TRY IT: Using the listing below, retype the line bearing "Rug & Weave" and each line after it, word for word, and nothing further.

SUPPLIED INFORMATION:

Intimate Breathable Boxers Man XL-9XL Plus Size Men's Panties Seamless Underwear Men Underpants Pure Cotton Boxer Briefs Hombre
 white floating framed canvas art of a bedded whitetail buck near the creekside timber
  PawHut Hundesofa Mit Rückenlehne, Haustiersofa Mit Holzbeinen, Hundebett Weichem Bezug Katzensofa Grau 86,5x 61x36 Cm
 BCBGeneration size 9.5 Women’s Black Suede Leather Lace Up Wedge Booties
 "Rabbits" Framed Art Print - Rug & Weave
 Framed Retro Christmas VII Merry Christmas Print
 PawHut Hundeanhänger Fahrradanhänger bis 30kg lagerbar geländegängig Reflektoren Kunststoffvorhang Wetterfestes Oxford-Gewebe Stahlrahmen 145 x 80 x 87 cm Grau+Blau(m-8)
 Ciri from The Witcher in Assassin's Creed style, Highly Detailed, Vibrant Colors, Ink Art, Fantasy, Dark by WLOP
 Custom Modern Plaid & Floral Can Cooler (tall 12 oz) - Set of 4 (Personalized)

OUTPUT FOR THIS EXERCISE:
 "Rabbits" Framed Art Print - Rug & Weave
 Framed Retro Christmas VII Merry Christmas Print
 PawHut Hundeanhänger Fahrradanhänger bis 30kg lagerbar geländegängig Reflektoren Kunststoffvorhang Wetterfestes Oxford-Gewebe Stahlrahmen 145 x 80 x 87 cm Grau+Blau(m-8)
 Ciri from The Witcher in Assassin's Creed style, Highly Detailed, Vibrant Colors, Ink Art, Fantasy, Dark by WLOP
 Custom Modern Plaid & Floral Can Cooler (tall 12 oz) - Set of 4 (Personalized)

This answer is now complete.